▶ [Problem to solve]:
Nothing but an exact copy of the data should be output.

▶ [Material provided]:
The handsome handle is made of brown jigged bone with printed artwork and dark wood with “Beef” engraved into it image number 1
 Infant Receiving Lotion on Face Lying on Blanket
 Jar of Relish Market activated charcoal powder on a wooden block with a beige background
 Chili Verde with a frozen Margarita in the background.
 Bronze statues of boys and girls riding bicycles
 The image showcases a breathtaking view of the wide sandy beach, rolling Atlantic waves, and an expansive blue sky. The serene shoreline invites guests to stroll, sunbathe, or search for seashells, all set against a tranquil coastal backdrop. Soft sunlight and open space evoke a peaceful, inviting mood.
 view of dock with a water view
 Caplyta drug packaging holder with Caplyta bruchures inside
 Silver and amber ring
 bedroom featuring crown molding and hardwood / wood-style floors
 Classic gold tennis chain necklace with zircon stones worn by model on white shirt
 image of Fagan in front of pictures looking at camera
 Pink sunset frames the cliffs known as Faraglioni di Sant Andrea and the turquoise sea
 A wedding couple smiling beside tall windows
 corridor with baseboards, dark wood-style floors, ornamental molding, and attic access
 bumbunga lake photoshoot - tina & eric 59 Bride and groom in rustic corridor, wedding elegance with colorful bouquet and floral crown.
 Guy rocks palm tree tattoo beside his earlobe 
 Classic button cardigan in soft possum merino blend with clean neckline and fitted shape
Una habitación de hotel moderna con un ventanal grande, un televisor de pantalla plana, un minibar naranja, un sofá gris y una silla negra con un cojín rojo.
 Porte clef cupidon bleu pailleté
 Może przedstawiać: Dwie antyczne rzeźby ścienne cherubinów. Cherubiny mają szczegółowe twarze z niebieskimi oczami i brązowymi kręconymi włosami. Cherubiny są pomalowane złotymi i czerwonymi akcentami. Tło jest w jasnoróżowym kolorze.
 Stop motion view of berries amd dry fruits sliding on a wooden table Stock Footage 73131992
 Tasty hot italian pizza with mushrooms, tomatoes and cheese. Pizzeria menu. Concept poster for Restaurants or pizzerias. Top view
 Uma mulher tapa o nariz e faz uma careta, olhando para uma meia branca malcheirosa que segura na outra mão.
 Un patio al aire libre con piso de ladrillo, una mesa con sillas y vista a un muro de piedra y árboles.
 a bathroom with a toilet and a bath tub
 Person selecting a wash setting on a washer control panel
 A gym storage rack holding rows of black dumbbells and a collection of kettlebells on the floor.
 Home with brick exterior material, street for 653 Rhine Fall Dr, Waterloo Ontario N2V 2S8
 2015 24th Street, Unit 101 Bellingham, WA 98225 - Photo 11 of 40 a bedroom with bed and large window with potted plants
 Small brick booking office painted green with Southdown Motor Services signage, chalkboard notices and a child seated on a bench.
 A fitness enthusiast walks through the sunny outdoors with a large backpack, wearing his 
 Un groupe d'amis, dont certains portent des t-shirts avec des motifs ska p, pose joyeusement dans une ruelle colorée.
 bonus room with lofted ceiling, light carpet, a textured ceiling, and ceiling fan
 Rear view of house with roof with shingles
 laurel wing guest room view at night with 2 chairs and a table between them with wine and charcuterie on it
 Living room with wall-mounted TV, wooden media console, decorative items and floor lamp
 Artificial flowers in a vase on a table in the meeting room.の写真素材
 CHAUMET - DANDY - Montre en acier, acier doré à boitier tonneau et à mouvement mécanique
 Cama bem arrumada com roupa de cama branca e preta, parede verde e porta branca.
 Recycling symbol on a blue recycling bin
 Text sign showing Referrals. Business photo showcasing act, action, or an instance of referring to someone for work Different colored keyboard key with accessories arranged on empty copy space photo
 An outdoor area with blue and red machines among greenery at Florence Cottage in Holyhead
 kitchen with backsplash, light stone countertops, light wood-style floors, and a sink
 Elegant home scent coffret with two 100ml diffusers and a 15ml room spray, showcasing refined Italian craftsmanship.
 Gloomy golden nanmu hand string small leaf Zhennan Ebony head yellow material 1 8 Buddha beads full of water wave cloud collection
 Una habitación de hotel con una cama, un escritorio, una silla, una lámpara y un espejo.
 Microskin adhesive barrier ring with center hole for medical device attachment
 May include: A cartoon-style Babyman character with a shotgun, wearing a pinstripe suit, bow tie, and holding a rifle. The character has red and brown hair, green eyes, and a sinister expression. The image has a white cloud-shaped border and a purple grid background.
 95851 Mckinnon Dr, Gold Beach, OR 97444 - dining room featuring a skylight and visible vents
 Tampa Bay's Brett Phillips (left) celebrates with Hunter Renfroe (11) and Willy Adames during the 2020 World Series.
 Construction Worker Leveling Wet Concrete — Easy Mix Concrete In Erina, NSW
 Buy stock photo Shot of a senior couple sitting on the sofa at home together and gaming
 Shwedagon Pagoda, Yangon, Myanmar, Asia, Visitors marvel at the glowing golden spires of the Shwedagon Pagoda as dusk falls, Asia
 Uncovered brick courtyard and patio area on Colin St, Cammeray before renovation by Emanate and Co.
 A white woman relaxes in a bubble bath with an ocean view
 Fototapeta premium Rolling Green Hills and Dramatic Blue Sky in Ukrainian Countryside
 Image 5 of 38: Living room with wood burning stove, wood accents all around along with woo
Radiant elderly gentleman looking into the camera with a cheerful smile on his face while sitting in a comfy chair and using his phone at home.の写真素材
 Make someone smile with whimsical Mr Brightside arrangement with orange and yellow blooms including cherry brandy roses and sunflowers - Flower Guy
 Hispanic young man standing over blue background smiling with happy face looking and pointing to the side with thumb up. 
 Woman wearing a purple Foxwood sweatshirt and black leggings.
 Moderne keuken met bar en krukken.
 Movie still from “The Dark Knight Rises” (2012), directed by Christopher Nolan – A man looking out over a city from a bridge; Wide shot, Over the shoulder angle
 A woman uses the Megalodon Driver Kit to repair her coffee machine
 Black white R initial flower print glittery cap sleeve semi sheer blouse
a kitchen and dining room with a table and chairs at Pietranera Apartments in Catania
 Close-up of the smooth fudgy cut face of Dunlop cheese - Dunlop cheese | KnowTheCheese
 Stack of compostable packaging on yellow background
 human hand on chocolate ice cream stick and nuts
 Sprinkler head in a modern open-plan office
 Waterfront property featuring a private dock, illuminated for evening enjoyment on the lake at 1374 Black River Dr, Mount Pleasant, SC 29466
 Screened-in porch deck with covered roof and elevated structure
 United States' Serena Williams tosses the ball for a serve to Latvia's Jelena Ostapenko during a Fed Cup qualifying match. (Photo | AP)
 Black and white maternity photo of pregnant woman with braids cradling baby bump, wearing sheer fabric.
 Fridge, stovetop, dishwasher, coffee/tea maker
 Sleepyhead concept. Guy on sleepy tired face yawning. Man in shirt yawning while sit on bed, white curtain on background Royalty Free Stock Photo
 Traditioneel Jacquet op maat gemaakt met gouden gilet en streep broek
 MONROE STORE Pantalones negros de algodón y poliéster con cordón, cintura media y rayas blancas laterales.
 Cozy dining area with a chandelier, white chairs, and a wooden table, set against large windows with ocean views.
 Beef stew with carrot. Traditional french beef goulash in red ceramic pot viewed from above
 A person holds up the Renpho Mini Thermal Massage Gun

▶ [Answer for the task]:
The handsome handle is made of brown jigged bone with printed artwork and dark wood with “Beef” engraved into it image number 1
 Infant Receiving Lotion on Face Lying on Blanket
 Jar of Relish Market activated charcoal powder on a wooden block with a beige background
 Chili Verde with a frozen Margarita in the background.
 Bronze statues of boys and girls riding bicycles
 The image showcases a breathtaking view of the wide sandy beach, rolling Atlantic waves, and an expansive blue sky. The serene shoreline invites guests to stroll, sunbathe, or search for seashells, all set against a tranquil coastal backdrop. Soft sunlight and open space evoke a peaceful, inviting mood.
 view of dock with a water view
 Caplyta drug packaging holder with Caplyta bruchures inside
 Silver and amber ring
 bedroom featuring crown molding and hardwood / wood-style floors
 Classic gold tennis chain necklace with zircon stones worn by model on white shirt
 image of Fagan in front of pictures looking at camera
 Pink sunset frames the cliffs known as Faraglioni di Sant Andrea and the turquoise sea
 A wedding couple smiling beside tall windows
 corridor with baseboards, dark wood-style floors, ornamental molding, and attic access
 bumbunga lake photoshoot - tina & eric 59 Bride and groom in rustic corridor, wedding elegance with colorful bouquet and floral crown.
 Guy rocks palm tree tattoo beside his earlobe 
 Classic button cardigan in soft possum merino blend with clean neckline and fitted shape
Una habitación de hotel moderna con un ventanal grande, un televisor de pantalla plana, un minibar naranja, un sofá gris y una silla negra con un cojín rojo.
 Porte clef cupidon bleu pailleté
 Może przedstawiać: Dwie antyczne rzeźby ścienne cherubinów. Cherubiny mają szczegółowe twarze z niebieskimi oczami i brązowymi kręconymi włosami. Cherubiny są pomalowane złotymi i czerwonymi akcentami. Tło jest w jasnoróżowym kolorze.
 Stop motion view of berries amd dry fruits sliding on a wooden table Stock Footage 73131992
 Tasty hot italian pizza with mushrooms, tomatoes and cheese. Pizzeria menu. Concept poster for Restaurants or pizzerias. Top view
 Uma mulher tapa o nariz e faz uma careta, olhando para uma meia branca malcheirosa que segura na outra mão.
 Un patio al aire libre con piso de ladrillo, una mesa con sillas y vista a un muro de piedra y árboles.
 a bathroom with a toilet and a bath tub
 Person selecting a wash setting on a washer control panel
 A gym storage rack holding rows of black dumbbells and a collection of kettlebells on the floor.
 Home with brick exterior material, street for 653 Rhine Fall Dr, Waterloo Ontario N2V 2S8
 2015 24th Street, Unit 101 Bellingham, WA 98225 - Photo 11 of 40 a bedroom with bed and large window with potted plants
 Small brick booking office painted green with Southdown Motor Services signage, chalkboard notices and a child seated on a bench.
 A fitness enthusiast walks through the sunny outdoors with a large backpack, wearing his 
 Un groupe d'amis, dont certains portent des t-shirts avec des motifs ska p, pose joyeusement dans une ruelle colorée.
 bonus room with lofted ceiling, light carpet, a textured ceiling, and ceiling fan
 Rear view of house with roof with shingles
 laurel wing guest room view at night with 2 chairs and a table between them with wine and charcuterie on it
 Living room with wall-mounted TV, wooden media console, decorative items and floor lamp
 Artificial flowers in a vase on a table in the meeting room.の写真素材
 CHAUMET - DANDY - Montre en acier, acier doré à boitier tonneau et à mouvement mécanique
 Cama bem arrumada com roupa de cama branca e preta, parede verde e porta branca.
 Recycling symbol on a blue recycling bin
 Text sign showing Referrals. Business photo showcasing act, action, or an instance of referring to someone for work Different colored keyboard key with accessories arranged on empty copy space photo
 An outdoor area with blue and red machines among greenery at Florence Cottage in Holyhead
 kitchen with backsplash, light stone countertops, light wood-style floors, and a sink
 Elegant home scent coffret with two 100ml diffusers and a 15ml room spray, showcasing refined Italian craftsmanship.
 Gloomy golden nanmu hand string small leaf Zhennan Ebony head yellow material 1 8 Buddha beads full of water wave cloud collection
 Una habitación de hotel con una cama, un escritorio, una silla, una lámpara y un espejo.
 Microskin adhesive barrier ring with center hole for medical device attachment
 May include: A cartoon-style Babyman character with a shotgun, wearing a pinstripe suit, bow tie, and holding a rifle. The character has red and brown hair, green eyes, and a sinister expression. The image has a white cloud-shaped border and a purple grid background.
 95851 Mckinnon Dr, Gold Beach, OR 97444 - dining room featuring a skylight and visible vents
 Tampa Bay's Brett Phillips (left) celebrates with Hunter Renfroe (11) and Willy Adames during the 2020 World Series.
 Construction Worker Leveling Wet Concrete — Easy Mix Concrete In Erina, NSW
 Buy stock photo Shot of a senior couple sitting on the sofa at home together and gaming
 Shwedagon Pagoda, Yangon, Myanmar, Asia, Visitors marvel at the glowing golden spires of the Shwedagon Pagoda as dusk falls, Asia
 Uncovered brick courtyard and patio area on Colin St, Cammeray before renovation by Emanate and Co.
 A white woman relaxes in a bubble bath with an ocean view
 Fototapeta premium Rolling Green Hills and Dramatic Blue Sky in Ukrainian Countryside
 Image 5 of 38: Living room with wood burning stove, wood accents all around along with woo
Radiant elderly gentleman looking into the camera with a cheerful smile on his face while sitting in a comfy chair and using his phone at home.の写真素材
 Make someone smile with whimsical Mr Brightside arrangement with orange and yellow blooms including cherry brandy roses and sunflowers - Flower Guy
 Hispanic young man standing over blue background smiling with happy face looking and pointing to the side with thumb up. 
 Woman wearing a purple Foxwood sweatshirt and black leggings.
 Moderne keuken met bar en krukken.
 Movie still from “The Dark Knight Rises” (2012), directed by Christopher Nolan – A man looking out over a city from a bridge; Wide shot, Over the shoulder angle
 A woman uses the Megalodon Driver Kit to repair her coffee machine
 Black white R initial flower print glittery cap sleeve semi sheer blouse
a kitchen and dining room with a table and chairs at Pietranera Apartments in Catania
 Close-up of the smooth fudgy cut face of Dunlop cheese - Dunlop cheese | KnowTheCheese
 Stack of compostable packaging on yellow background
 human hand on chocolate ice cream stick and nuts
 Sprinkler head in a modern open-plan office
 Waterfront property featuring a private dock, illuminated for evening enjoyment on the lake at 1374 Black River Dr, Mount Pleasant, SC 29466
 Screened-in porch deck with covered roof and elevated structure
 United States' Serena Williams tosses the ball for a serve to Latvia's Jelena Ostapenko during a Fed Cup qualifying match. (Photo | AP)
 Black and white maternity photo of pregnant woman with braids cradling baby bump, wearing sheer fabric.
 Fridge, stovetop, dishwasher, coffee/tea maker
 Sleepyhead concept. Guy on sleepy tired face yawning. Man in shirt yawning while sit on bed, white curtain on background Royalty Free Stock Photo
 Traditioneel Jacquet op maat gemaakt met gouden gilet en streep broek
 MONROE STORE Pantalones negros de algodón y poliéster con cordón, cintura media y rayas blancas laterales.
 Cozy dining area with a chandelier, white chairs, and a wooden table, set against large windows with ocean views.
 Beef stew with carrot. Traditional french beef goulash in red ceramic pot viewed from above
 A person holds up the Renpho Mini Thermal Massage Gun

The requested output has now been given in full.